Di lapangan sana pertandingan futsal yang dilaksanakan oleh kelas sebelas IPA satu melawan kelas dua belas IPS tiga. Pertandingan cukup sengit, yang dimana skor sebelas IPA satu sekarang lebih unggul dari kelas dua belas IPS tiga. Di sana Robi, pemain dari kelas sebelas IPA satu yang sedang menggiring bola menuju gawang lawan nya itu.

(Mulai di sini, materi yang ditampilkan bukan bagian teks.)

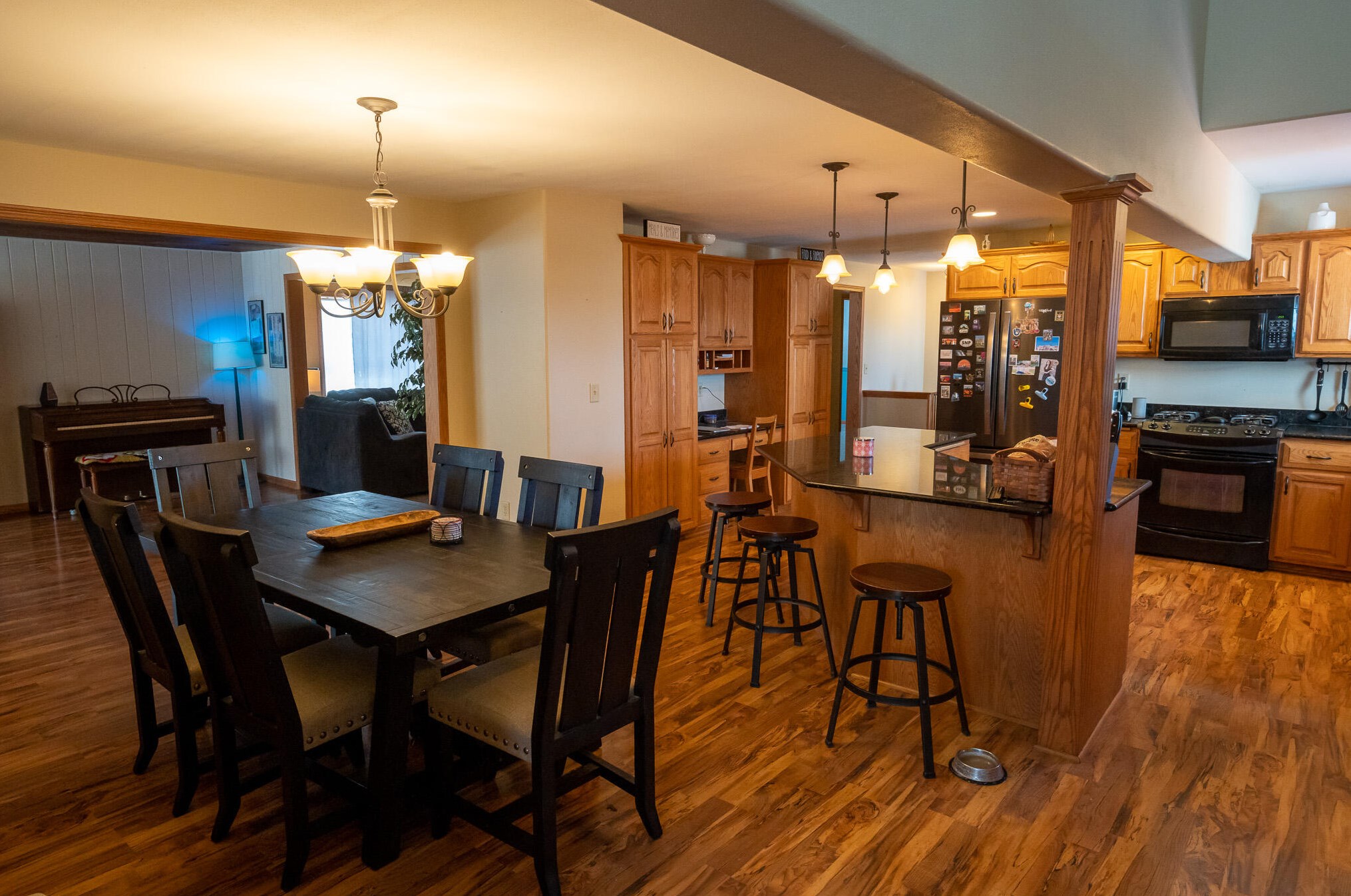 847 Devonshire Rd, Delafield, WI 53018-1919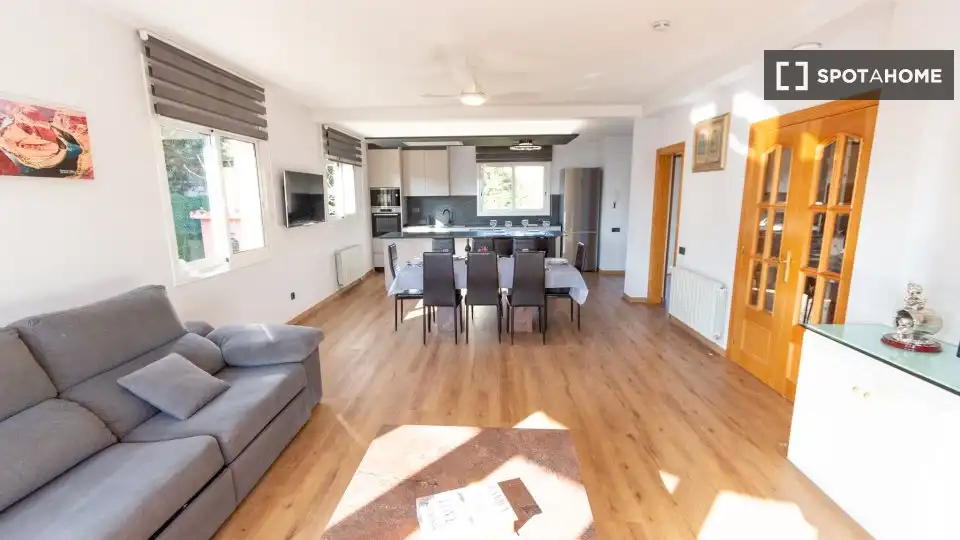 Wohnung zur Miete in Sentmenat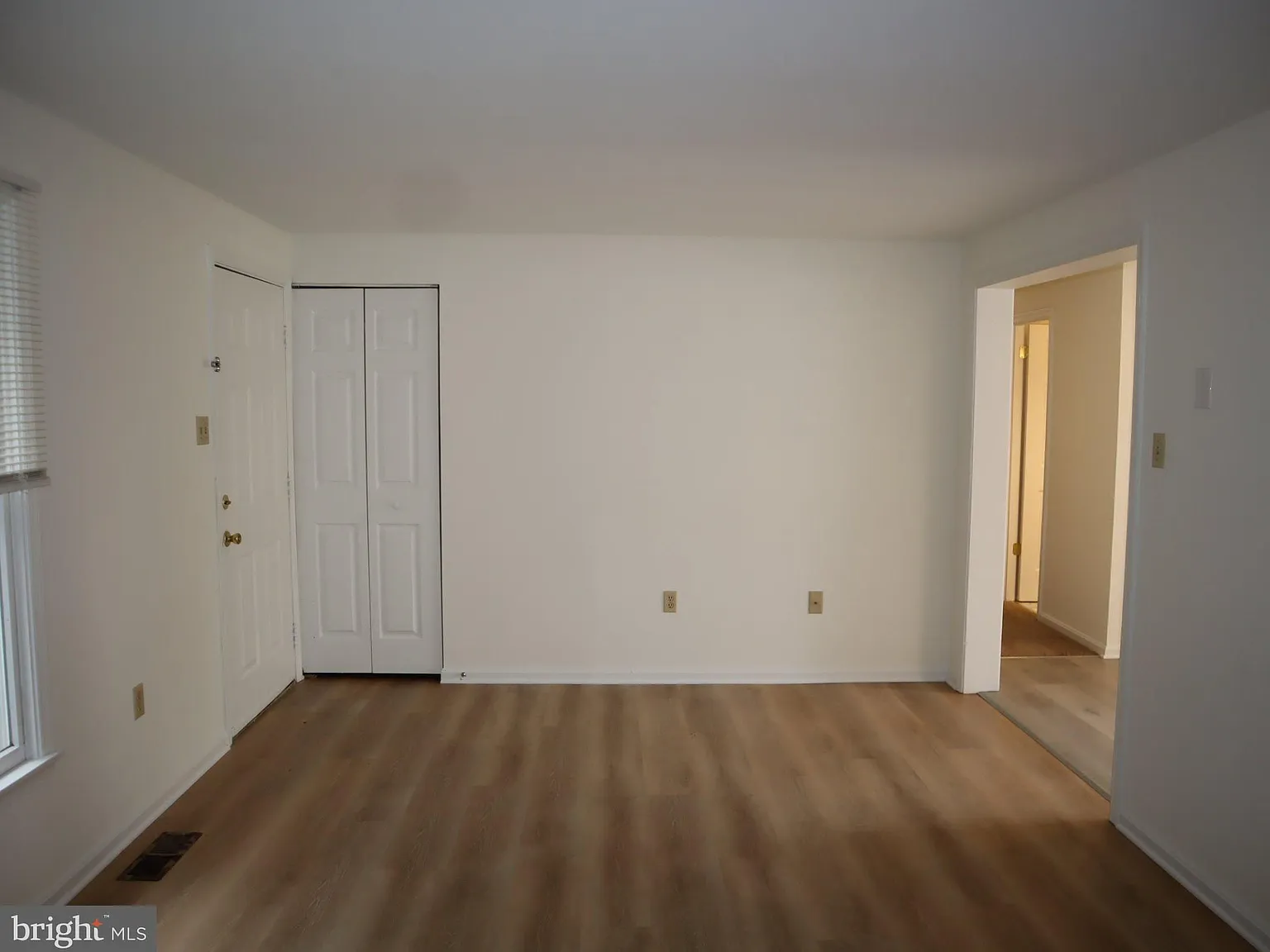 3 bed, 2.0 bath, 1056 sqft, $1,900 — Photo 2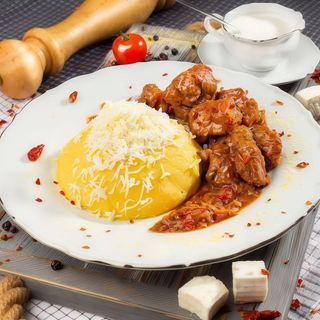 Tochitura mixta cu mămăliguță și ou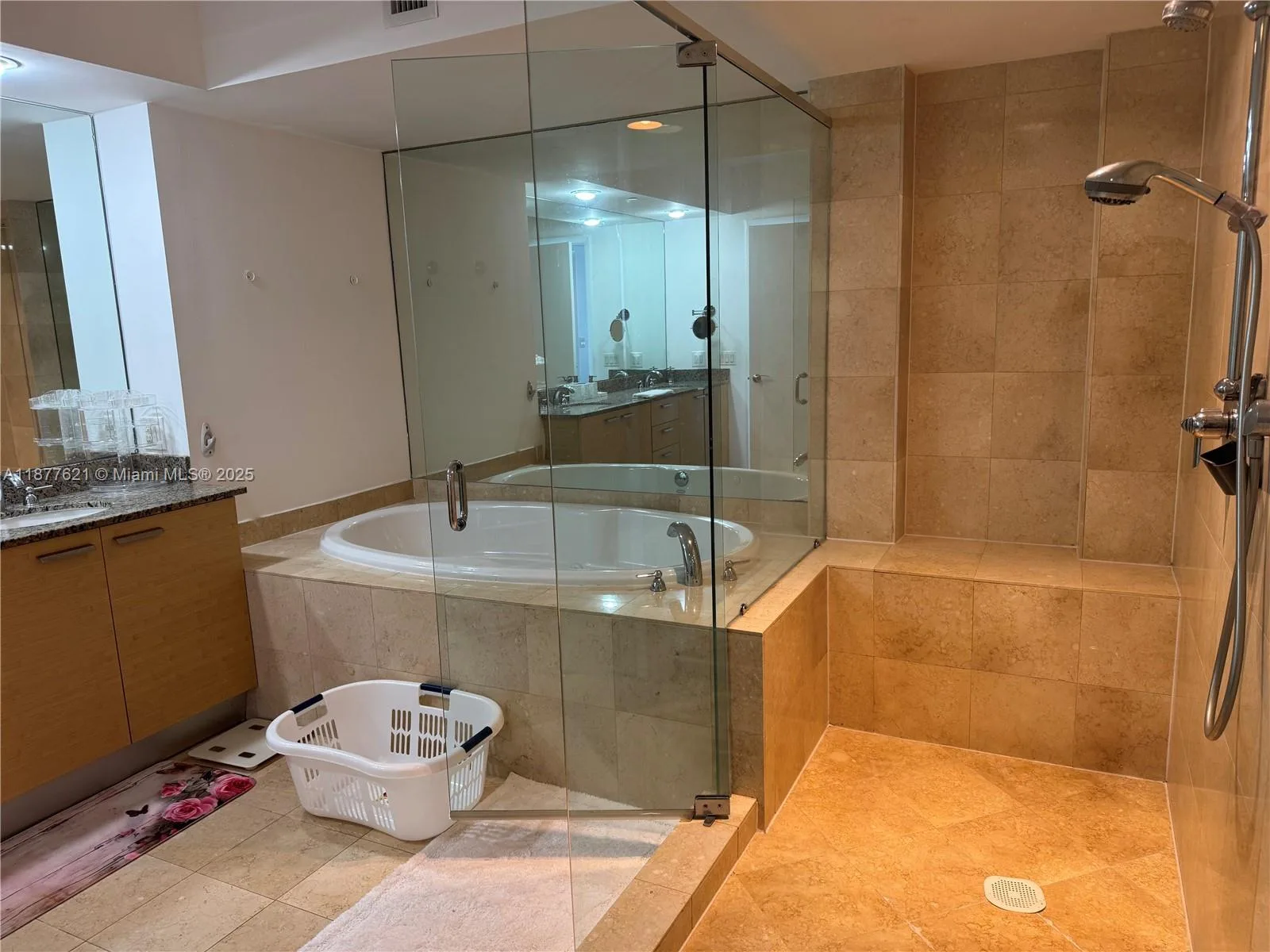 1830 S Ocean Dr # 3303, Hallandale Beach, FL 33009 photo 13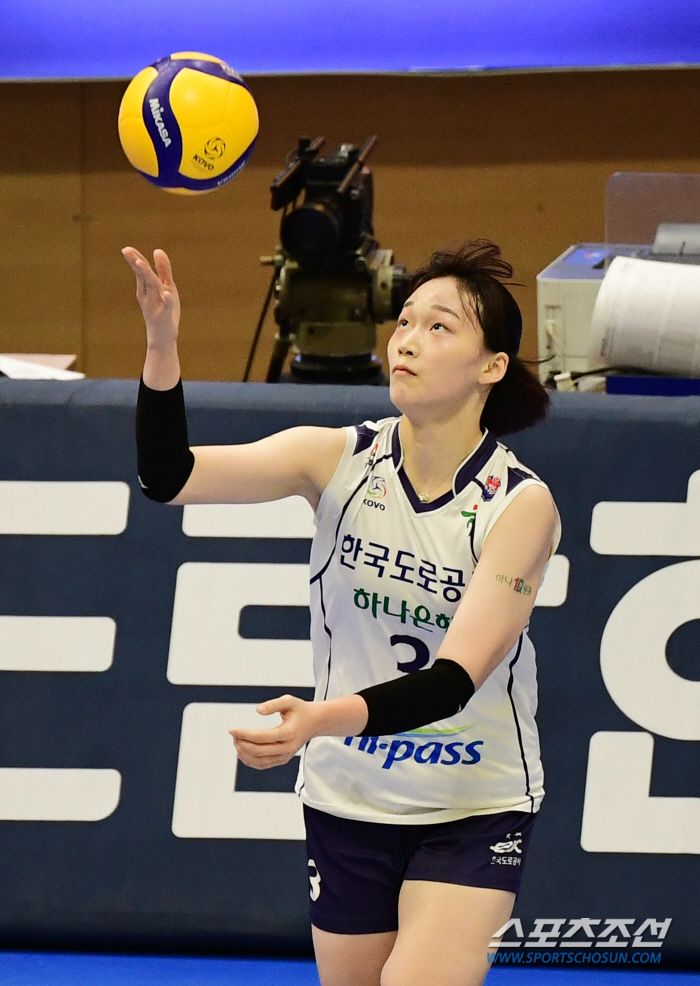 "라인업을 바꿨다" 도로공사, 4연패 탈출 위한 몸부림 [김천브리핑]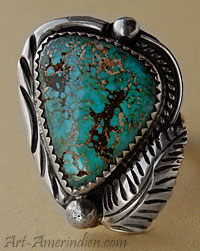 Bague Navajo ancienne ornée d'une turquoise Spiderweb et de symboles amérindiens, bijou Navajo signé par l'artiste indien Robt Kelly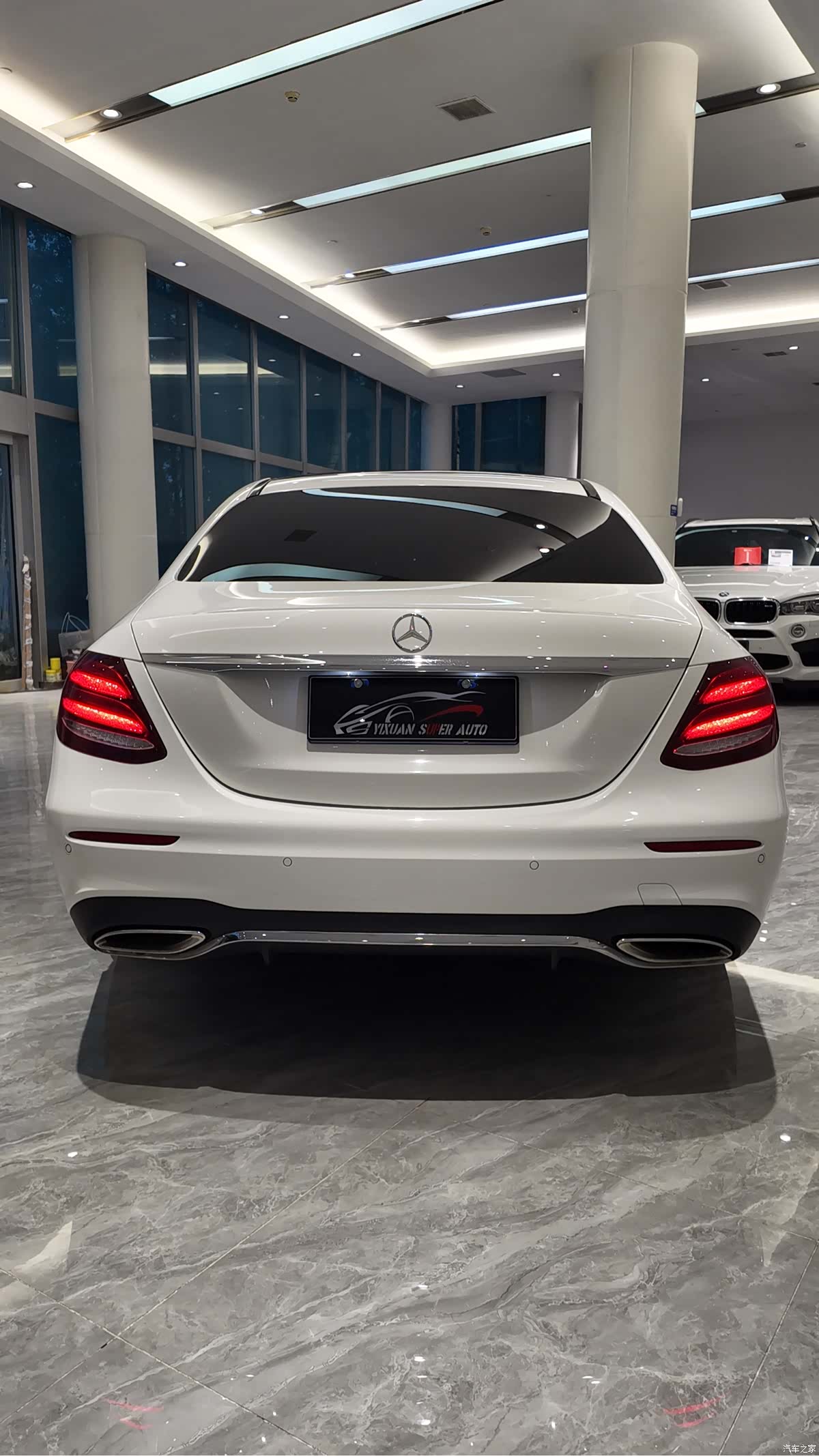 Mercedes-Benz E-Class, 2019 4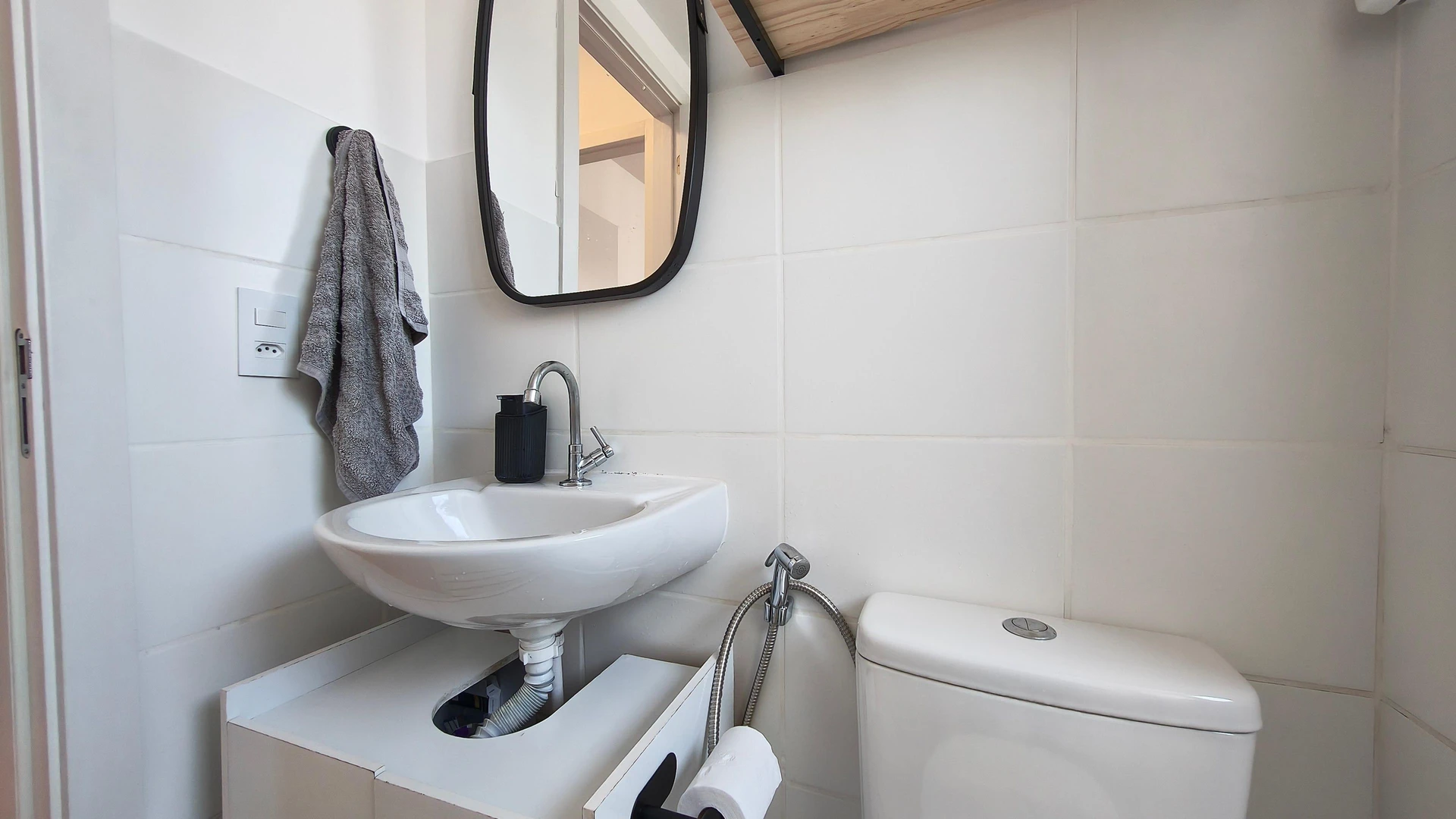 Washing machine in a 2-bedroom apartment, 44 m² — photo 6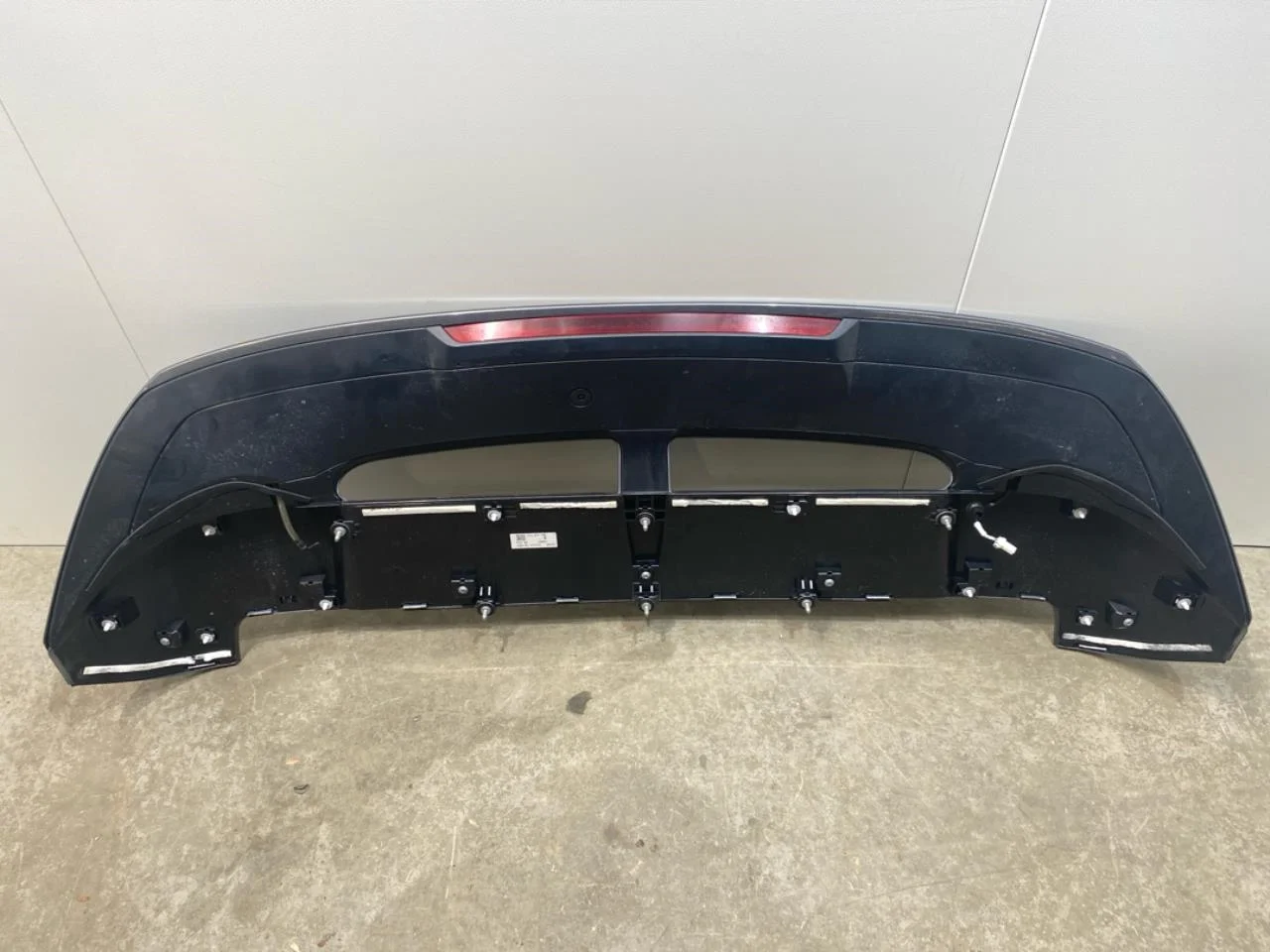 Nissan ARIYA 2021- Spoiler, tailgate view 3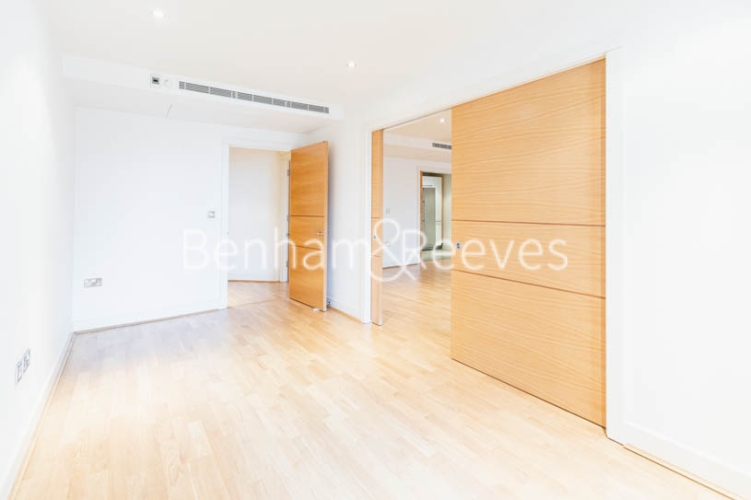 3 bedrooms flat to rent in Lensbury Avenue, Imperial Wharf, SW6-image 20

Sementara itu, Duma Calandra. Sekarang ia sedang melaksanakan remedial mata pelajaran fisika di kelas nya. Sebenarnya bukan hanya Duma saja yang remedial mata pelajaran fisika, ada beberapa sekitar 4 orang yang juga ikut remedial pelajaran fisika ini. Dan sisanya semua murid kelas sebelas IPA satu sedang menonton pertandingan futsal di lapangan.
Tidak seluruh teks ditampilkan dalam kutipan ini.